Vorliegend ist ferner in Besonderheit die Vermittlung pädagogischer Kenntnisse zum Kernbereich des vom Beteiligten zu 1) absolvierten Studiums zu zählen, was schon daraus gefolgert werden kann, dass das Fach "Religionspädagogik" zu den Fächern der vom Beteiligten zu 1) abgelegten Abschlussprüfung gehörte - also von ihm nicht nur nebenbei belegt worden ist - und das Studium die Befähigung zur Tätigkeit im staatlichen Schuldienst als Religionslehrer vermittelt. Wie der Senat in seiner Entscheidung zur vergütungssteigernden Wirkung des Lehramtsstudiums (NJW-RR 2002, 654 = BtPrax 2002, 43) bereits ausgeführt hat, wird die Verwertbarkeit von pädagogischen Kenntnisse für die Aufgaben als Betreuer nicht dadurch ausgeschlossen, dass sie in erster Linie auf die Erziehung von Kindern und Jugendlichen ausgerichtet ist.

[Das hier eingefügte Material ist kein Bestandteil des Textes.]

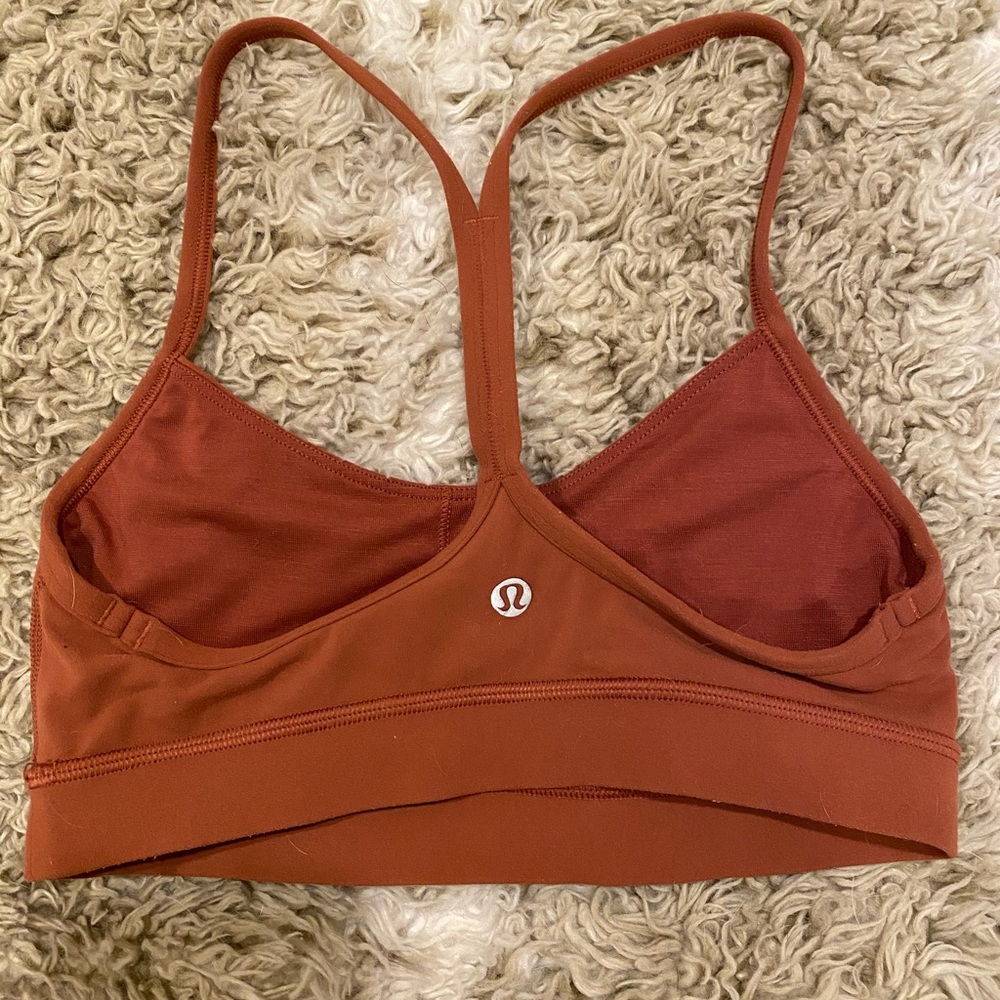 Rust/burnt orange lululemon flow Y sports bra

Unter Zugrundelegung des Stundensatzes von 31,00 € steht dem Beteiligten zu 1) eine Vergütung in Höhe von 1263,25 € zu. Der Berechnung konnte dabei nur ein Zeitansatz von 2445 Minuten zugrunde gelegt werden. Die Tätigkeit des Beteiligten zu 1) am 20.1.2004 (5 Minuten) konnte nicht berücksichtigt werden, da insoweit die Ausschlussfrist nach § 1836 Abs. 3 S. 4 BGB in der bis zum 30.6.2005 geltenden Fassung eingreift. Der Vergütungsantrag ist erst am 25.4.05 bei Gericht eingereicht worden und damit - bezogen auf die Tätigkeit am 20.1.04 - nach Ablauf der 15-Monatsfrist.

Gem. § 1835 BGB steht dem Beteiligten ferner ein Aufwendungsersatzanspruch in Höhe von 174,97 € zu. Im Festsetzungsbeschluss des Amtsgerichts sind die Auslagen mit 165,97 € statt mit - wie beantragt - 174,97 € festgesetzt worden, ohne dass hierfür ein Grund ersichtlich wäre. Hierauf hat bereits der Beteiligte zu 2) hingewiesen. Von einer Beschränkung der Beschwerde allein auf eine Anfechtung der Festsetzung der Vergütung, wie das Landgericht angenommen hat, kann nicht ausgegangen werden. Zwar ist eine solche Beschränkung der Beschwerde grundsätzlich möglich, sie setzt aber voraus, dass der Beschwerdeführer sie eindeutig und zweifelsfrei erklärt hat (Keidel/Sternal, FG, § 21 Rn. 24 und 27 m.w.N.). An einer solchen Erklärung des Beteiligten zu 1) fehlt es vorliegend. Allein aus dem Umstand, dass er sich in der Beschwerdebegründung nur mit der Frage auseinandersetzt, ob seine Ausbildung sich vergütungssteigernd auswirkt, kann nicht mit Sicherheit der Schluss gezogen werden, dass er die angefochtene Entscheidung, soweit diese zu seinen Ungunsten fehlerhaft ist, nicht zur Gänze zur Überprüfung stellen will.

Die Festsetzung der Vergütung und des Aufwendungsersatzanspruches hatte schließlich auch gegen die Staatskasse zu erfolgen (§ 1836a BGB a.F.), da der Betroffene mittellos war.